フラウも美人だがやや感情の動きに乏しく、あまり表情が動かない。
その点、リュクティスはふさわしい場面で必要な表情を浮かべるだけの感情を持ち合わせている。
それが、彼女をいっそう美しく見せていた。
「どうぞお掛けになって」
勧められるままに、深花は脇で小間使いが待機する椅子に腰掛ける。
「お茶はいかがなさいますか?」
小間使いがそう聞いてきたので、深花は固まってしまった。
この内容に合わせたお茶、と言われて思い浮かぶのはダージリンやニルギリといった紅茶の種類だが、もちろんそういう種類はないだろう。

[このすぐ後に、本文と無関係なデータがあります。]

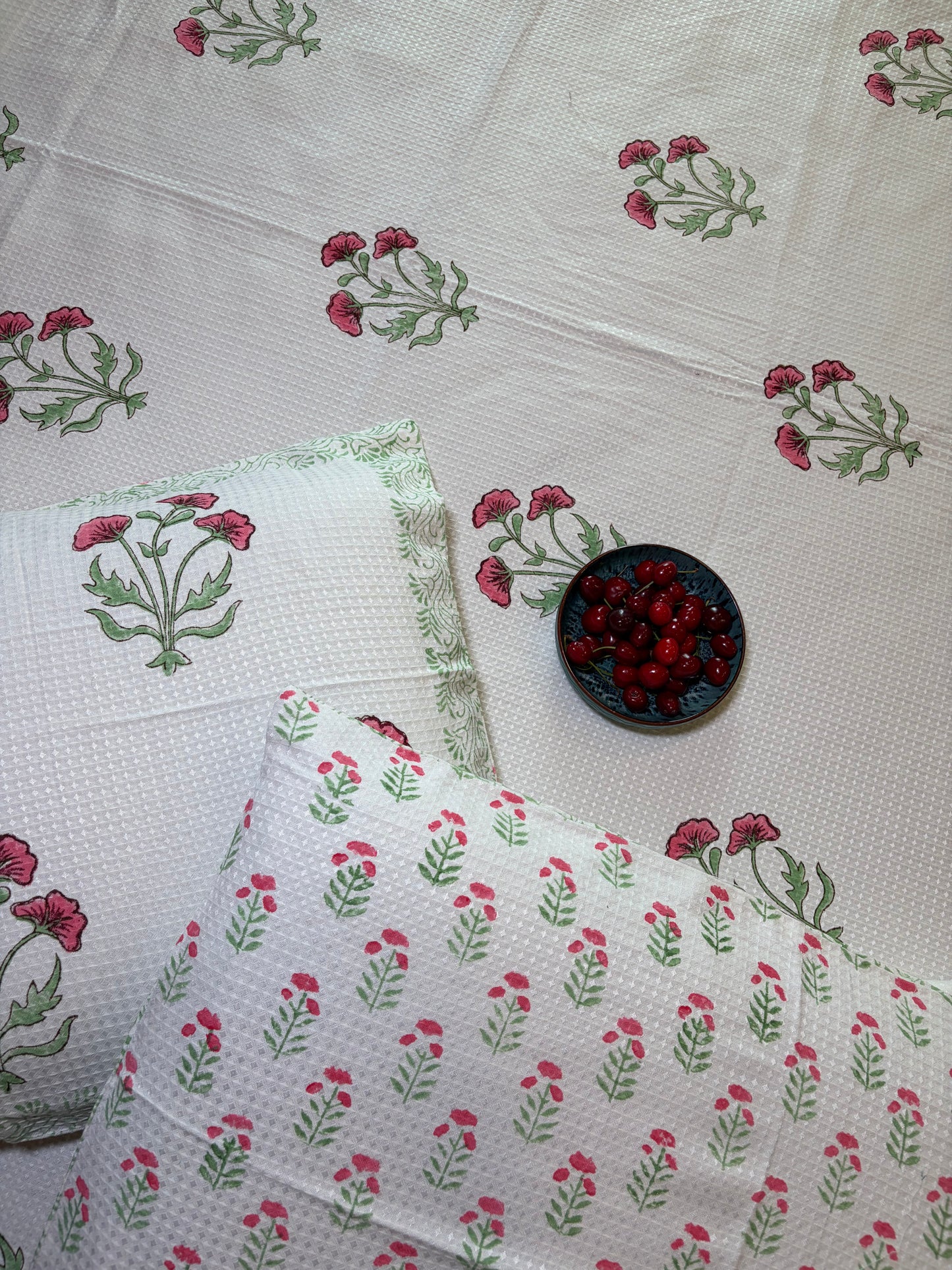 Pink Poppy & Sage Green Bedcover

かといってリュクティスに教えを乞うのは、彼女がジュリアスにとって敵か味方か分からないこの状況では躊躇われた。
「僭越ながら」
硬直した深花に、小間使いが助け舟を出す。
「この内容でしたら、サイルーチェンかホルピドスが合うと思います。よろしければ、ご参考までに」
さりげない囁き声の助言に、深花は感謝の眼差しを送る。
小間使いは、先日控室にいたうちの一人だった。
リュクティスと組んでこちらを嵌めようとする気も感じられないので、深花はそれに乗った。
「わたくしは、アバナ・クーラを濃いめに」
「さ、サイルーチェンをお願いします……普通に」
「かしこまりました」
小間使いは手際よくポットに茶葉を入れ、蒸らし始めた。
「失礼ですがお姉様は、このような場にお誘いを受けた経験がおありではないのですか?」
好みの濃さに抽出されたお茶が二人の前に出されてから、リュクティスがそう聞いてきた。
カップを持とうとした深花は、動きを止める。
「お姉様?」
「はい」
おうむ返しに問い返すと、リュクティスは優雅に頷く。
「出奔されていたとはいえジュリアス様はわたくしの夫、エルヴァースの兄上です。その方が連れて参られた女性でしたら、わたくしにとっては義姉も同然という事ですわ」
年齢的には一つ二つ年下のはずだがまるで二十代半ばと言われても違和感のないリュクティスの落ち着きに、深花はその台詞共々あっけに取られる。